The crowd was made up of medical students from around the country and labor union members. Participants were diverse and included men and women of all ethnic and cultural groups. One speaker called for a “revolution in health care.” Many speakers and attendees asserted that “we should be able to treat patients without bias as regards to their ability to pay.”
Participants at the opening of the rally chanted, “Hey, Bush, don’t you know, single payer is the way to go…Whose nation? Our nation.”
Houston City Council Member Peter Brown (D) called for people to register to vote and change the political landscape in the upcoming elections. He noted that Houston has the most advanced medical technology in the country and the “lousiest health care in the country” due to poor access to health care. He called for a movement to “fix the broken system.”
Speakers extolled the solidarity of workers and students participating in the rally.
Two fourth-year medical students from the Baylor College of Medicine in Houston, Jessica Dalby and Stephanie Wuest, expressed strong support for the goals of the rally.
Dalby stated, “I think it’s inspiring. I support a single payer health insurance system. I think single payer is the only way to go because we have to cut out the health insurance companies. They provide no benefit. They only add to the cost. Thirty-one cents of every dollar goes to overhead for the health insurance companies.”
Dalby and Wuest agreed that the increasing profits demanded by health insurance companies and their stockholders also add to the burden of health care costs.
“I have the Baylor insurance and I’ve been refused health care in doctor’s offices because Aetna never pays,” Wuest said. “I find it extremely frustrating to be in health care and I am not able to access health care myself.”
One medical student from Puerto Rico who was attending the conference told the World, “I think health care is for everybody. We should help everybody.”
Leah Bennett, who is the Health Disparities Task Force coordinator for AMSA and a medical student at the University of Arizona at Tucson, told the World, “We’re an association of 70,000 medical students from across the country. We have a 40 year history of fighting for our patients.”
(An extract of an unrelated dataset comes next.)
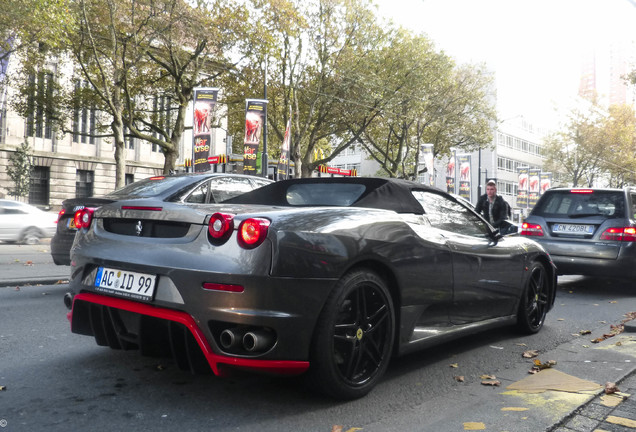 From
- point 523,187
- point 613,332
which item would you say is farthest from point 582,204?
point 523,187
She called for “quality affordable health care,” and said, “We believe health care is a human right. In this country we have so much. We believe no one should be sick when they don’t need to be.”
Bennett added, “We believe our current health care system is broken. There are over 40 million people uninsured. They have to make a decision over whether they spend their money on food, rent or seeing a doctor. We think that’s wrong.
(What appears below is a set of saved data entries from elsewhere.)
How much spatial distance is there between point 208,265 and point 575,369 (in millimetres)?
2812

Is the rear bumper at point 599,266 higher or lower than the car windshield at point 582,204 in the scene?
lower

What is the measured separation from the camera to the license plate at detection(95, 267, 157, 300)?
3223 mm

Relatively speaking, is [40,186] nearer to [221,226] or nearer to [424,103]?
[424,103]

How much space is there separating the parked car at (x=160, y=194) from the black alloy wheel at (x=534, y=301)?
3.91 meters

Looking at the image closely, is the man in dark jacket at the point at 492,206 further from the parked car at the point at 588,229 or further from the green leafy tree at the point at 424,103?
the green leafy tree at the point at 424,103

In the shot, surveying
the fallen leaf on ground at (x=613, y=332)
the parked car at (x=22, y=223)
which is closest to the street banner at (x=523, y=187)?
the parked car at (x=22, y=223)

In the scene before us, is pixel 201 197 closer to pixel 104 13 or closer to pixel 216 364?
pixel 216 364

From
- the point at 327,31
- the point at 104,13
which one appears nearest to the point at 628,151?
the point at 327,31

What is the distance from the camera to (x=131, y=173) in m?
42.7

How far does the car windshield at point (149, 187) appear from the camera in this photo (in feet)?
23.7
“Our association is in favor of a single payer system. That would cover everyone within our border regardless of income, race, citizenship or economic status,” she concluded. “We believe you should be able to see a doctor if you’re sick.”
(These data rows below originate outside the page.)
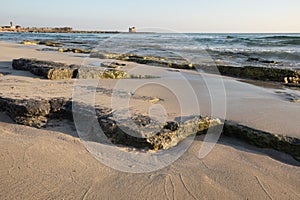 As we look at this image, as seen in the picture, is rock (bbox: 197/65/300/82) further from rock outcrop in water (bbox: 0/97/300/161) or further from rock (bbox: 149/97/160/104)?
rock outcrop in water (bbox: 0/97/300/161)

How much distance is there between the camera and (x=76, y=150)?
2.21m

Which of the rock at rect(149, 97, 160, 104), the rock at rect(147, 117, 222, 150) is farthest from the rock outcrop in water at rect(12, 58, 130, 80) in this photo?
the rock at rect(147, 117, 222, 150)

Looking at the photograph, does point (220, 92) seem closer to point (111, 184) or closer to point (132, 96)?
point (132, 96)

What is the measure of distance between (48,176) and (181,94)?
2.57 m

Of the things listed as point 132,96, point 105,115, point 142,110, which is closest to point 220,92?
point 132,96

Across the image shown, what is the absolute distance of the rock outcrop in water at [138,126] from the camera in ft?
7.59

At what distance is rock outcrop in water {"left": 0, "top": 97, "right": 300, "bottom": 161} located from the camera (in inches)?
91.0

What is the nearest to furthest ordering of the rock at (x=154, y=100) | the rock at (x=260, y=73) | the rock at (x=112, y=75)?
the rock at (x=154, y=100) < the rock at (x=112, y=75) < the rock at (x=260, y=73)

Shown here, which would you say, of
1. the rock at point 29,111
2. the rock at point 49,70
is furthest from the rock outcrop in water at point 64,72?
the rock at point 29,111

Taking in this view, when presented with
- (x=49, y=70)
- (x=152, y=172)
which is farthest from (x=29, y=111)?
(x=49, y=70)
Medical student Flavio Casoy, an organizer of the event who works with AMSA, described some of AMSA’s history. “AMSA used to be a part of AMA (American Medical Association) until 1968,” he said.
He noted, “Because of the AMA opposition to Medicare and silence on civil rights and silence on Vietnam, we split. We are completely independent.
“AMSA is a student-run organization that fights for a health care system that reflects the true needs of our patients and the values of our members,” Casoy added. “We represent about two-thirds of the nation’s medical students. We want to let the world know that this nation’s future doctors are pissed off and we will fight like hell to change the health care system. AMSA is all about bringing the future health care providers together around our passions to provide health care for all our patients.”
James Thompson is a psychologist and social justice activist in Houston.